The Advisory Law Commission of Cuba (Comisión Consultiva), established on December 24, 1906, was a temporary law commission under the Provisional Government of Cuba. The commission was created by Provisional Governor William Howard Taft, but largely presided over by his successor, Provisional Governor Charles Edward Magoon. Its primary objective was to draft and revise laws to modernize Cuba's legal framework, which was then based on outdated Spanish legislation from 1877 that centralized control at the national level.

The Advisory Law Commission played a crucial role in structuring nearly every part of the Cuban government. Its contributions were, in the words of the Bulletin of the International Bureau of the American Republics; "as important and far-reaching as was the drafting of the Constitution itself," as they were necessary to implement the Constitution effectively.

One of the Commission's significant contributions was the drafting of a new municipal law, adopted on January 24, 1908. This law aimed to decentralize administrative powers, granting greater autonomy to municipal governments and reducing the centralization that had characterized the previous legal framework.
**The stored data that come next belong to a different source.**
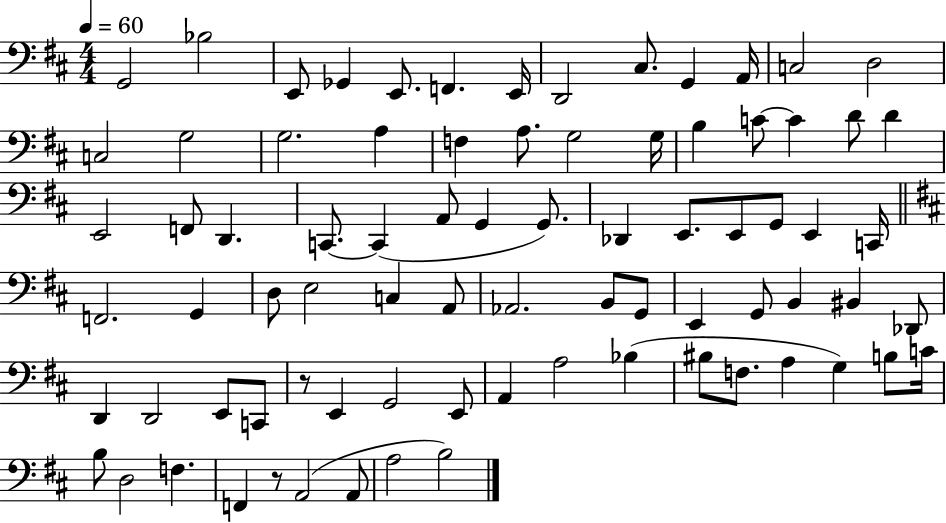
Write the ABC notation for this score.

X:1
T:Untitled
M:4/4
L:1/4
K:D
G,,2 _B,2 E,,/2 _G,, E,,/2 F,, E,,/4 D,,2 ^C,/2 G,, A,,/4 C,2 D,2 C,2 G,2 G,2 A, F, A,/2 G,2 G,/4 B, C/2 C D/2 D E,,2 F,,/2 D,, C,,/2 C,, A,,/2 G,, G,,/2 _D,, E,,/2 E,,/2 G,,/2 E,, C,,/4 F,,2 G,, D,/2 E,2 C, A,,/2 _A,,2 B,,/2 G,,/2 E,, G,,/2 B,, ^B,, _D,,/2 D,, D,,2 E,,/2 C,,/2 z/2 E,, G,,2 E,,/2 A,, A,2 _B, ^B,/2 F,/2 A, G, B,/2 C/4 B,/2 D,2 F, F,, z/2 A,,2 A,,/2 A,2 B,2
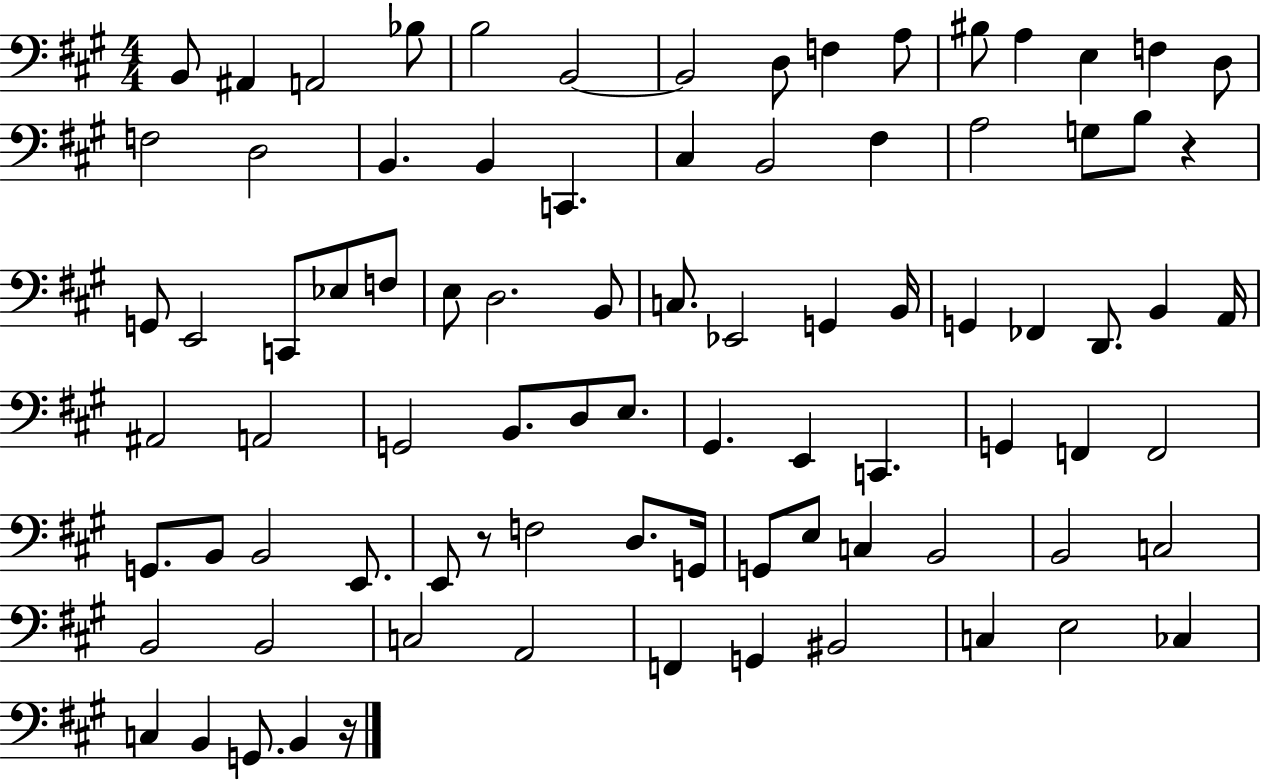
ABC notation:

X:1
T:Untitled
M:4/4
L:1/4
K:A
B,,/2 ^A,, A,,2 _B,/2 B,2 B,,2 B,,2 D,/2 F, A,/2 ^B,/2 A, E, F, D,/2 F,2 D,2 B,, B,, C,, ^C, B,,2 ^F, A,2 G,/2 B,/2 z G,,/2 E,,2 C,,/2 _E,/2 F,/2 E,/2 D,2 B,,/2 C,/2 _E,,2 G,, B,,/4 G,, _F,, D,,/2 B,, A,,/4 ^A,,2 A,,2 G,,2 B,,/2 D,/2 E,/2 ^G,, E,, C,, G,, F,, F,,2 G,,/2 B,,/2 B,,2 E,,/2 E,,/2 z/2 F,2 D,/2 G,,/4 G,,/2 E,/2 C, B,,2 B,,2 C,2 B,,2 B,,2 C,2 A,,2 F,, G,, ^B,,2 C, E,2 _C, C, B,, G,,/2 B,, z/4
The efforts of the Advisory Law Commission were instrumental in transitioning Cuba's legal system from its colonial past to a more modern structure, laying the groundwork for future legal and administrative reforms in the Republic of Cuba.

The commission also developed an electoral code that introduced universal male suffrage, while at the same time limiting eligibility for public office to literate Cuban citizens. Additionally, it played a role in judicial reform by creating a legal framework that ensured the judiciary branch's independence, breaking away from the colonial-era system where the courts had been under the control of the executive branch.

== Members ==
Membership of the commission was composed of 12 members overall, with three representatives from the United States, and nine Cuban lawyers, from different political backgrounds. When the Advisory Council of eleven members was established, with General Enoch H. Crowder as chairman, it was predominantly composed of Liberals. Only two "Conservatives" were included, along with one member whose political affiliations were uncertain.

Three individuals—García Kohly, Viondi, and Carrera—were not part of the August revolutionists but were originally members of the Moderado party, which had supported former President Tomás Estrada Palma. Although they initially participated in the Commission as Independents, closely aligned with the Liberals, they later fully joined the Liberal party. The Council held significant influence over government appointments, ensuring that the administration during the Second U.S. Intervention was largely staffed by Liberal officials. This led to the dismissal of experienced personnel from Estrada Palma’s administration in favor of less qualified individuals who were selected primarily for their political allegiance.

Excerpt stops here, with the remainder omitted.